Przez lata, kiedy wspominało się o zmianach klimatycznych, dawało to w Polsce świetny powód do żartów. O tym, że niedługo Bałtyk stanie się wymarzonym miejscem do letnich wakacji, a przy plażach wyrosną palmy. O tym, że polskie winnice znajdą się wkrótce w optymalnych warunkach klimatycznych, a nasze wino pobije smakiem francuskie. No i oczywiście o tym, że niedługo standardem stanie się u nas posiadanie przy domu basenu.
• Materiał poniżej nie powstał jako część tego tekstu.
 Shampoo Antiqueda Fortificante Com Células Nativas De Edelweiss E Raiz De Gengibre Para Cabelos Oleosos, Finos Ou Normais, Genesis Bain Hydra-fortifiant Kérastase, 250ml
W salonach, przy winie, niewinnie sobie żartowano. Ale aktywiści górniczych związków zawodowych byli znacznie bardziej poważni. Na każde wspomnienie o konieczności ograniczenia emisji CO2 gotowi byli jechać do Warszawy i grozić obaleniem rządu. Niektórym rządom nie musieli zresztą wcale grozić – same ochoczo zgadzały się, że węgiel to narodowe bogactwo, że do kopalni należy dopłacać, że koniecznie trzeba zbudować wiele nowych elektrowni węglowych, że znienawidzone przez górników farmy wiatrowe najlepiej pozamykać albo tak docisnąć podatkami, żeby same się zamknęły.
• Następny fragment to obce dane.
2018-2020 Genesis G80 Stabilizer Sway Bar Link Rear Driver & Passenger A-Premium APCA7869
Najwyższy czas zrozumieć, że żarty się skończyły. I że jeśli nie zaczniemy intensywnie dostosowywać się do zmian, czeka nas prawdziwa gospodarcza katastrofa. I to nawet jeśli okaże się (co wydaje się dość prawdopodobne), że akurat w Polsce zmiany klimatyczne nie będą aż tak groźne: ot, trochę powodzi na przemian z suszami, trochę tornad, sporo apokaliptycznych burz i zalane Żuławy. Bo efekty zmian klimatycznych dotkną nas, i to potężnie, nawet jeśli akurat u nas nie będą zabójcze.
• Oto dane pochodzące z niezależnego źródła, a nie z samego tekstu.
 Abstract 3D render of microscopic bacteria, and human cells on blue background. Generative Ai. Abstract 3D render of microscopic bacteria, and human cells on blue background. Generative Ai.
Po pierwsze dlatego, że nie oznaczają one tylko ocieplenia, ale i zmianę cyrkulacji mas powietrza o nieznanych konsekwencjach. A to może spowodować gigantyczne straty gospodarcze na całym świecie, które oczywiście rykoszetem dotrą i do nas.
Po drugie dlatego, że do katastrofy u nas wystarczy katastrofa u naszych sąsiadów. Wygląda na to, że kontynentem najsilniej dotkniętym zmianami klimatycznymi będzie gwałtownie pustynniejąca Afryka. A to oznacza, że za 20–30 lat nie będziemy już mieli u bram Europy miliona uciekających przed wojną mieszkańców Bliskiego Wschodu, ale dziesiątki, a potem setki milionów Afrykanów uciekających przed śmiercią głodową.